Fortunately for Bentley … and later the people he led … the Air Force gave him a second chance. They notified him that he could withdraw his resignation and be promoted. And over the next year, Chief White taught him how to let go of his perfectionistic expectations and how to trust and lead others.
It worked. Bentley went on to serve and lead, retiring from the Air Force in March of 2003 after 21 years of service.
What about you? Are you empathizing with your people during these challenging times? You may need to give them a break. You may need to remember that you’re not always easy to live and work with yourself.
=> 5. Demonstrate a positive belief in the future.
That means … as a leader … you can’t go around complaining, commiserating, or whining. Especially not now. Your staff doesn’t need to know that you feel as out of control as they do. It doesn’t help them or you … to believe that things are hurtling out of everyone’s control.
As Kevin Berchelmann notes, “It’s far better to convince them that hard work, strong performance, and effective leadership will prevail. Because, of course, it will. You must know – and believe – that. Or bail out.”
Quite simply, you either believe your organization is going to die or going to get better. Either way, you have to make a call and act accordingly.
If you decide to stay, NO WHINING! You can’t be an effective leader and a whiner at the same time.
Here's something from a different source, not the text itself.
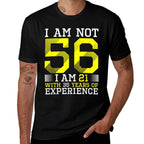 56th Birthday Man Woman 56 Year Old Gift  Oversized Silhouette T-Shirt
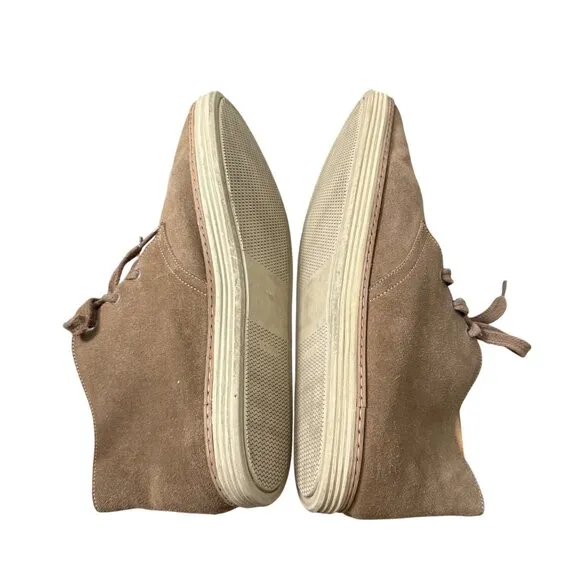 Peter Millar Crown Tan Suede Leather Chukka Desert Boots Mens Size 13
Take on the attitude of Bruce Lee, the martial artist and actor who said, “Defeat is a state of mind. No one is ever defeated until defeat has been accepted as reality. To me, defeat in anything is merely temporary, and it’s punishment is but an urge for me to greater effort to achieve my goal. Defeat simply tells me that something is wrong in my doing; it is a path leading to success and truth.”
Action: How would your coworkers describe you? How would the people you lead characterize you during these tough times?
Would they say…
*that you’re visible and accessible,
*that you’re 100% trustworthy,
*that reinforce their sense of purpose,
*that you empathize with them, and
*that you demonstrate a positive belief in the future?